PROBLEM TO WORK ON: Show all lines below holding the string "background".

DATA FOR REVIEW:
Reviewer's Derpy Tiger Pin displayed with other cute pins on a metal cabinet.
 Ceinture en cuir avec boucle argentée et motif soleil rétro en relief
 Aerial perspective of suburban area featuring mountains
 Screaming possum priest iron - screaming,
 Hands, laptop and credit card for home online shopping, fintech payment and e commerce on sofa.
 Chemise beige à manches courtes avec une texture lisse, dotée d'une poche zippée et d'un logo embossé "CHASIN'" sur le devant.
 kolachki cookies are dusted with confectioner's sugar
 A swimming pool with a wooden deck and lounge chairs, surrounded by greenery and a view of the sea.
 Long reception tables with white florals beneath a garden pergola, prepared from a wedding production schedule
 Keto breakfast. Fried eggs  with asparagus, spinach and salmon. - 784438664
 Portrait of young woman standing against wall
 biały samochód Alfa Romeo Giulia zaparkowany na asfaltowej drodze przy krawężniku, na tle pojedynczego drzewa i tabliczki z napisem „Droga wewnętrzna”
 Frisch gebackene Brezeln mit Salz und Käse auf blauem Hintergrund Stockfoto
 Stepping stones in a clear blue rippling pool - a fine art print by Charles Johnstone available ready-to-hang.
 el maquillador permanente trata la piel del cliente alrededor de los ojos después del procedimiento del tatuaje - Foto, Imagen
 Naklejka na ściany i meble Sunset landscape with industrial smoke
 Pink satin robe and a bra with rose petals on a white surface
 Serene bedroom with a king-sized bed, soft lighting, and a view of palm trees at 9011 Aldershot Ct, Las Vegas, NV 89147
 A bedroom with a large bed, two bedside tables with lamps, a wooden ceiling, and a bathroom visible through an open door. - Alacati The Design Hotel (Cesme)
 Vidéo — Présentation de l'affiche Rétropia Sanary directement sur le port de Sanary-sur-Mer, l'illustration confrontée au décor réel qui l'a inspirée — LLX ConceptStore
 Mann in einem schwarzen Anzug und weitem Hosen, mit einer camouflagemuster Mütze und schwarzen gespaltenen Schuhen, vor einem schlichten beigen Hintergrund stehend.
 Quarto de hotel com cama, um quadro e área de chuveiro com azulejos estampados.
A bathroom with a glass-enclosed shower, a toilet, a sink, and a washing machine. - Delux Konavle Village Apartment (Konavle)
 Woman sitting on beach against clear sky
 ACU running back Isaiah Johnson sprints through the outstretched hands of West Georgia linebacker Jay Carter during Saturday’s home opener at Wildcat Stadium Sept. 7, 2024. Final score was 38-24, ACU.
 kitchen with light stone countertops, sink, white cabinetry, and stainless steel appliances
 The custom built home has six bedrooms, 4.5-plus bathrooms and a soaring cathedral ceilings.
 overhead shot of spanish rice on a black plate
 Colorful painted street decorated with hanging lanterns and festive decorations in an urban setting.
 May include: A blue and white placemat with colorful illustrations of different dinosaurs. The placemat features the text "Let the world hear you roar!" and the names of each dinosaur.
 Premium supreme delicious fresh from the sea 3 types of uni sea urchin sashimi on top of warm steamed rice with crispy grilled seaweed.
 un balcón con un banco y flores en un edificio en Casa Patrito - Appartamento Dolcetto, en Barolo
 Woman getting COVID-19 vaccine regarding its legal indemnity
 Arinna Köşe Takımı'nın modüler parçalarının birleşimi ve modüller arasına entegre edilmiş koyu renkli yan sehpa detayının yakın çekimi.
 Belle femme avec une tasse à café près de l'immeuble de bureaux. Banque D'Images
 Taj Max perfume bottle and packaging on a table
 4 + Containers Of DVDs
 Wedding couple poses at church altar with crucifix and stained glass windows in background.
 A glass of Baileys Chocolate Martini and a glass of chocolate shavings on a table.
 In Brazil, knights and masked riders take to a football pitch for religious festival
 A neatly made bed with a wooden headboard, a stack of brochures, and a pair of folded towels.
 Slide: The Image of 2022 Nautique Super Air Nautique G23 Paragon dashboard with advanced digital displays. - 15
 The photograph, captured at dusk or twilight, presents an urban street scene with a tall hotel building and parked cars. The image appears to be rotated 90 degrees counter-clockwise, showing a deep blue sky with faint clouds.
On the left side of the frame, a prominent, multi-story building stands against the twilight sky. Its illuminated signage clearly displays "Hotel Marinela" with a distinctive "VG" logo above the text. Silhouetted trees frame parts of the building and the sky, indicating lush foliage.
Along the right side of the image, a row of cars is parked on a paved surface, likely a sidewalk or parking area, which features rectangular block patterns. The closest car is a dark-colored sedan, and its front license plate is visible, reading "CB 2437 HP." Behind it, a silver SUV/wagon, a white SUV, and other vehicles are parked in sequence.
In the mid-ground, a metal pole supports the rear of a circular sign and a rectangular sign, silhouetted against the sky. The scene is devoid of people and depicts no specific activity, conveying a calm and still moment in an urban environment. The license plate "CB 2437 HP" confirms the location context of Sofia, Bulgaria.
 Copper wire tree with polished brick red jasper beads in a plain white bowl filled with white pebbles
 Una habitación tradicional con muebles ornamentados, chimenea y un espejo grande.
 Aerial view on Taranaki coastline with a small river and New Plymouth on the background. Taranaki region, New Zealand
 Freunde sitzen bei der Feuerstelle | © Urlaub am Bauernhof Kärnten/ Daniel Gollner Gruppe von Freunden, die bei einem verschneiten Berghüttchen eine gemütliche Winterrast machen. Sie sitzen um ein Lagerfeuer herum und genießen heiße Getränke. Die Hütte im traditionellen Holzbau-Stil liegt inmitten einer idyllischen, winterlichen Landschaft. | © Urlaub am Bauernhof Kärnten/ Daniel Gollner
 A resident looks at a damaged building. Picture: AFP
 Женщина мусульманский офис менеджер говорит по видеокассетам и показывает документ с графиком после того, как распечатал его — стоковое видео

EXERCISE SOLUTION:
 Wedding couple poses at church altar with crucifix and stained glass windows in background.
 Aerial view on Taranaki coastline with a small river and New Plymouth on the background. Taranaki region, New Zealand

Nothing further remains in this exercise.